George Russell potwierdził, że kierowcy Formuły 1 mówią jednym głosem w kwestii wulgaryzmów, o których zrobiło się głośno po interwencji Mohammeda Ben Sulayema i konflikcie FIA z Maxem Verstappenem. Niedługo kibice powinni poznać pełne stanowisko GPDA.
Sprawa zakazu przeklinania była szeroko omawianym tematem zarówno podczas rundy w Singapurze, jak i jesiennej przerwy. Wszystko stało się za sprawą słów szefa FIA, który postanowił wyjść na przekór reprezentantom królowej motorsportu oraz spróbować kontrolować ich postawę w kokpicie i poza nim. Postawa Emiratczyka nie spodobała się szczególnie Lewisowi Hamiltonowi i Maxowi Verstappenowi.
Holender do tego stopnia był zirytowany całą sytuacją, iż celowo użył wulgaryzmu podczas konferencji jako przykładu, za co później otrzymał karę. To jeszcze bardziej wzburzyło panującego mistrza, który podczas konferencji FIA stosował pewnego rodzaju bunt, odpowiadając często jednym zdaniem, a nawet słowem. Jakby tego było mało, Max organizował potem własne rozmowy z dziennikarzami.
Decyzja Międzynarodowej Federacji Samochodowej również nie spodobała się innym zawodnikom, a najmocniejszego głosu poparcia udzielił Hamilton - była to nadzieja, iż Verstappen nie wykona kary, gdyż jest ona absurdalna.
Podczas czwartkowych rozmów z mediami przed GP USA nie mogło zabraknąć tego tematu, gdyż wciąż wywołuje on spore poruszenie. O podejście zawodników do całej sprawy zapytano George’a Russella, który jako jeden z szefów GPDA potwierdził, iż grupa zamierza zająć oficjalne stanowisko w tej kwestii.

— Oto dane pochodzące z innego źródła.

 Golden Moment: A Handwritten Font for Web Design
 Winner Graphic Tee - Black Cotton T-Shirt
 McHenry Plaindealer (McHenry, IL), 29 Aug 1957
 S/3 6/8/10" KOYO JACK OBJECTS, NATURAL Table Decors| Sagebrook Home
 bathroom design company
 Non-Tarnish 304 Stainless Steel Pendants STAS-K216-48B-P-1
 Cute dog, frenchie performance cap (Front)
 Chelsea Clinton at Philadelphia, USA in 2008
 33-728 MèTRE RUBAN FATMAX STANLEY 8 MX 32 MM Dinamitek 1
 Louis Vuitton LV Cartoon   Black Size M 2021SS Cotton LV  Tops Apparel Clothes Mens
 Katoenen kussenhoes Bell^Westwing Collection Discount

- Między nami odbyło się wiele dywagacji na temat przeklinania - powiedział Brytyjczyk. - Wydaje się to trochę głupawe, iż do tego doszło. Jeszcze nie rozmawialiśmy z FIA, ale mamy nadzieję, że uda się w przyszłym tygodniu, może w Meksyku.
- Zbiorowo jesteśmy po tej samej stronie. W przyszłym tygodniu prawdopodobnie formalnie przedstawimy coś do przeczytania - coś od kierowców jako zjednoczonej grupy, skierowane do Was [mediów i kibiców].
- Ogólnie rzecz biorąc, nie chcemy kryć emocji, które pokazujemy podczas wyścigu. Uważam, że to należy raczej do obowiązków nadawcy. Gdy przychodzi do wyścigu, trzeba zdecydować, czy chcą to transmitować, czy nie. Jest to bardzo trudne, gdy masz mikrofon, rozmawiasz ze swoim zespołem i jesteś w trakcie walki.
- Równocześnie, jeśli przebywamy w takiej atmosferze jak ta [na zwykłym spotkaniu z dziennikarzami], to może mamy obowiązek być świadomymi naszych słów. Aczkolwiek jak powiedziałem, myślę, że w przyszłym tygodniu prawdopodobnie zbiorowo przygotujemy jakąś wiadomość wspólnie, żeby podzielić się nią ze wszystkimi.